*** Extracted material Section Begins ***

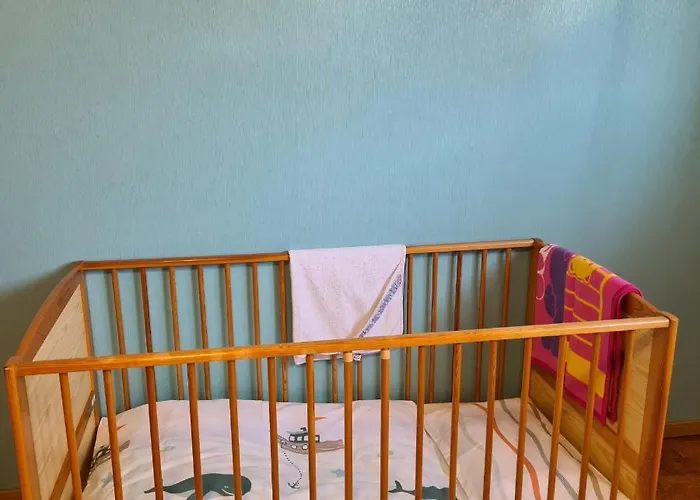 Cornelia Und Michael Persang Gbr 아파트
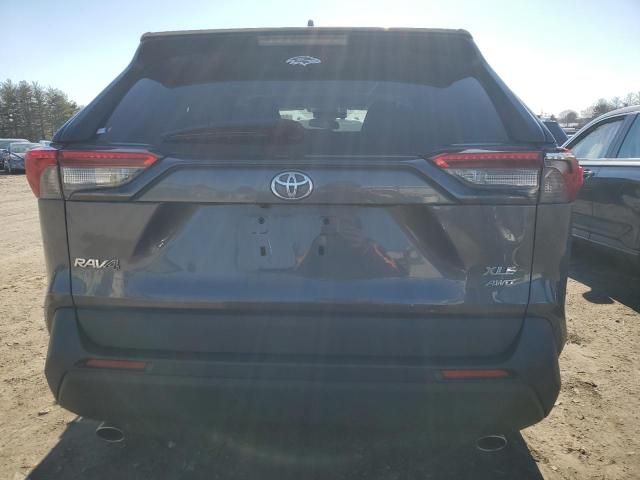 2019 Toyota Rav4 XLE Premium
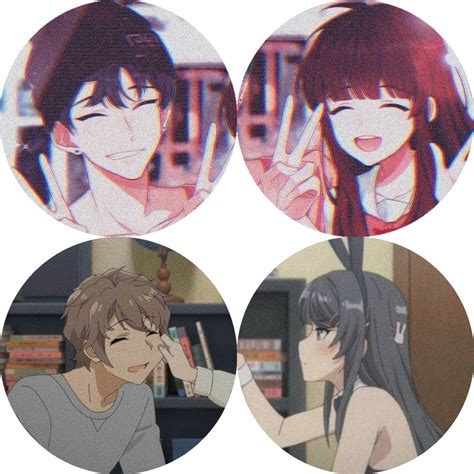 Aesthetic Anime Instagram Cute Matching Pfp Pin On Matching Pfp Images And Photos Finder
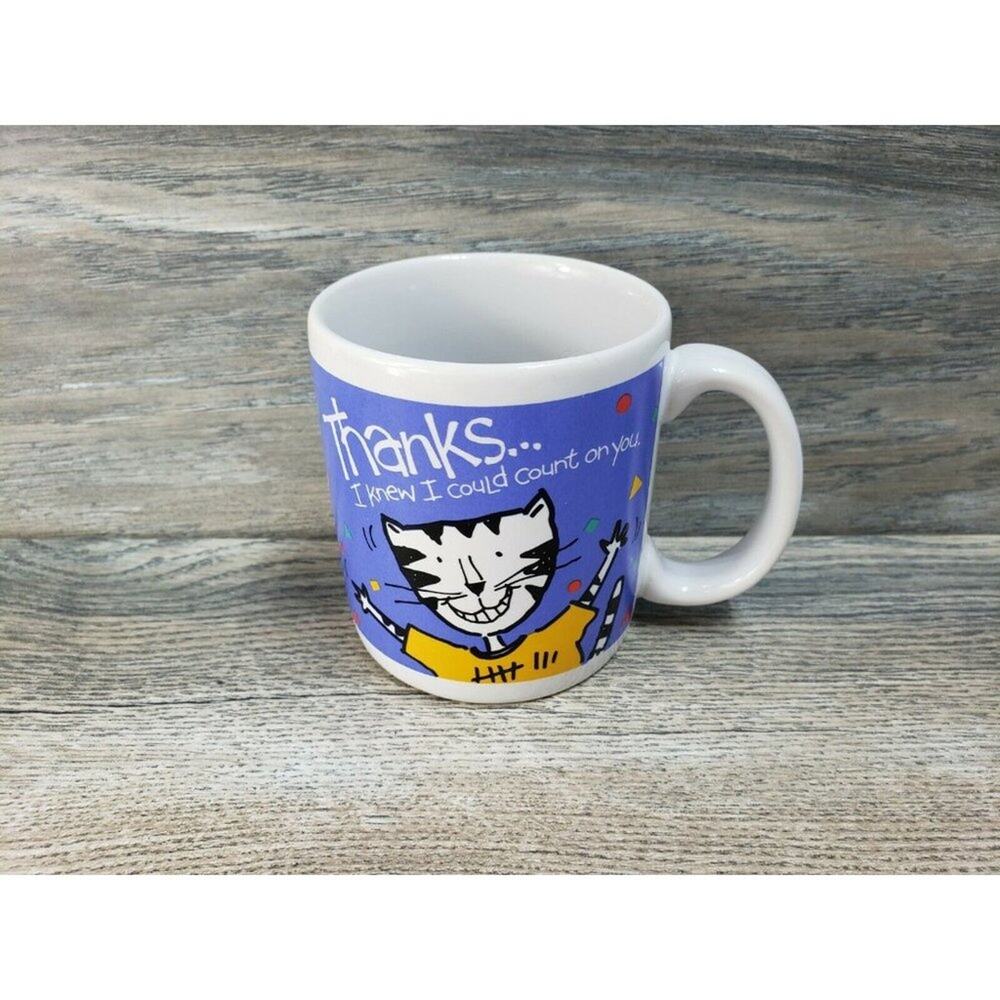 American Greetings Designers Collection Coffee Mug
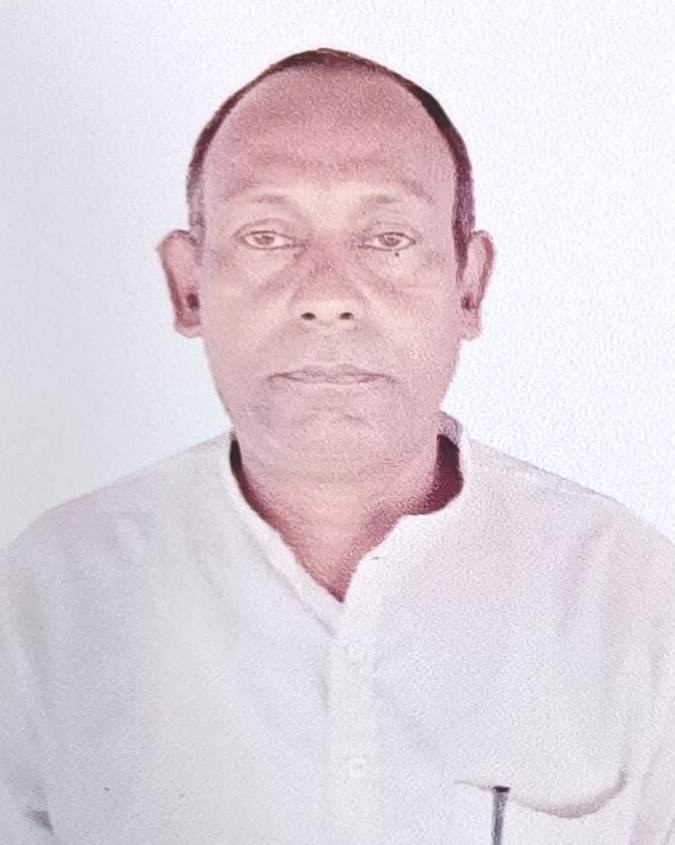 DAYARAM MANDAL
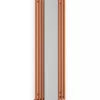 Terma Rolo-Mirror Designer Radiator 1800x590mm True Copper - WGROM180059KTCOUC01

*** Extracted material Section Ends ***

§ How to complete this task
Omit the pictures, then copy out all the data exactly as it stands.

§ Your response
 Cornelia Und Michael Persang Gbr 아파트
 2019 Toyota Rav4 XLE Premium
 Aesthetic Anime Instagram Cute Matching Pfp Pin On Matching Pfp Images And Photos Finder
 American Greetings Designers Collection Coffee Mug
 DAYARAM MANDAL
 Terma Rolo-Mirror Designer Radiator 1800x590mm True Copper - WGROM180059KTCOUC01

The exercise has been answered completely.